Exercise directions>
Retype every record below exactly as it is written.

Scraped caption text data
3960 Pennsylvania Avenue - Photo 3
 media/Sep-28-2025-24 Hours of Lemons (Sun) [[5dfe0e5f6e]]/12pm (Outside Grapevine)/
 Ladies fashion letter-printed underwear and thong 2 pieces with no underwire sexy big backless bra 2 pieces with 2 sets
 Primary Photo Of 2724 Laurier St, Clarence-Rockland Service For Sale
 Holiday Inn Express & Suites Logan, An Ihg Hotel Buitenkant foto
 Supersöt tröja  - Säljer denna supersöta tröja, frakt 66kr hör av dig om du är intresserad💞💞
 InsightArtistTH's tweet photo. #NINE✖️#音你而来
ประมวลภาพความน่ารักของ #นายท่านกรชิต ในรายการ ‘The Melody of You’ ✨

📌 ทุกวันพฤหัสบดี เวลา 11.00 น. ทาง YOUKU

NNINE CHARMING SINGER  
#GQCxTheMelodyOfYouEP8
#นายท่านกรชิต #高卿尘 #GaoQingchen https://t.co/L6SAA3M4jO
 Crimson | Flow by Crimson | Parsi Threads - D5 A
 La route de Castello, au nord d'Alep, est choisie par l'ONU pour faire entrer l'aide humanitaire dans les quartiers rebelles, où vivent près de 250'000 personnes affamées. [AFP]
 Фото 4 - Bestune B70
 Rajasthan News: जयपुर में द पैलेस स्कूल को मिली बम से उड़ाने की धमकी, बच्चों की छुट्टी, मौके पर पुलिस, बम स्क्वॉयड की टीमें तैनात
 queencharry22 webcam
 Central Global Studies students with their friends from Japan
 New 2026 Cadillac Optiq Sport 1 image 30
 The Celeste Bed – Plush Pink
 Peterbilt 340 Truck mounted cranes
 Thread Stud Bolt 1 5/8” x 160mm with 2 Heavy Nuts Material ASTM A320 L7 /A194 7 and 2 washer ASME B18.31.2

Result>
3960 Pennsylvania Avenue - Photo 3
 media/Sep-28-2025-24 Hours of Lemons (Sun) [[5dfe0e5f6e]]/12pm (Outside Grapevine)/
 Ladies fashion letter-printed underwear and thong 2 pieces with no underwire sexy big backless bra 2 pieces with 2 sets
 Primary Photo Of 2724 Laurier St, Clarence-Rockland Service For Sale
 Holiday Inn Express & Suites Logan, An Ihg Hotel Buitenkant foto
 Supersöt tröja  - Säljer denna supersöta tröja, frakt 66kr hör av dig om du är intresserad💞💞
 InsightArtistTH's tweet photo. #NINE✖️#音你而来
ประมวลภาพความน่ารักของ #นายท่านกรชิต ในรายการ ‘The Melody of You’ ✨

📌 ทุกวันพฤหัสบดี เวลา 11.00 น. ทาง YOUKU

NNINE CHARMING SINGER  
#GQCxTheMelodyOfYouEP8
#นายท่านกรชิต #高卿尘 #GaoQingchen https://t.co/L6SAA3M4jO
 Crimson | Flow by Crimson | Parsi Threads - D5 A
 La route de Castello, au nord d'Alep, est choisie par l'ONU pour faire entrer l'aide humanitaire dans les quartiers rebelles, où vivent près de 250'000 personnes affamées. [AFP]
 Фото 4 - Bestune B70
 Rajasthan News: जयपुर में द पैलेस स्कूल को मिली बम से उड़ाने की धमकी, बच्चों की छुट्टी, मौके पर पुलिस, बम स्क्वॉयड की टीमें तैनात
 queencharry22 webcam
 Central Global Studies students with their friends from Japan
 New 2026 Cadillac Optiq Sport 1 image 30
 The Celeste Bed – Plush Pink
 Peterbilt 340 Truck mounted cranes
 Thread Stud Bolt 1 5/8” x 160mm with 2 Heavy Nuts Material ASTM A320 L7 /A194 7 and 2 washer ASME B18.31.2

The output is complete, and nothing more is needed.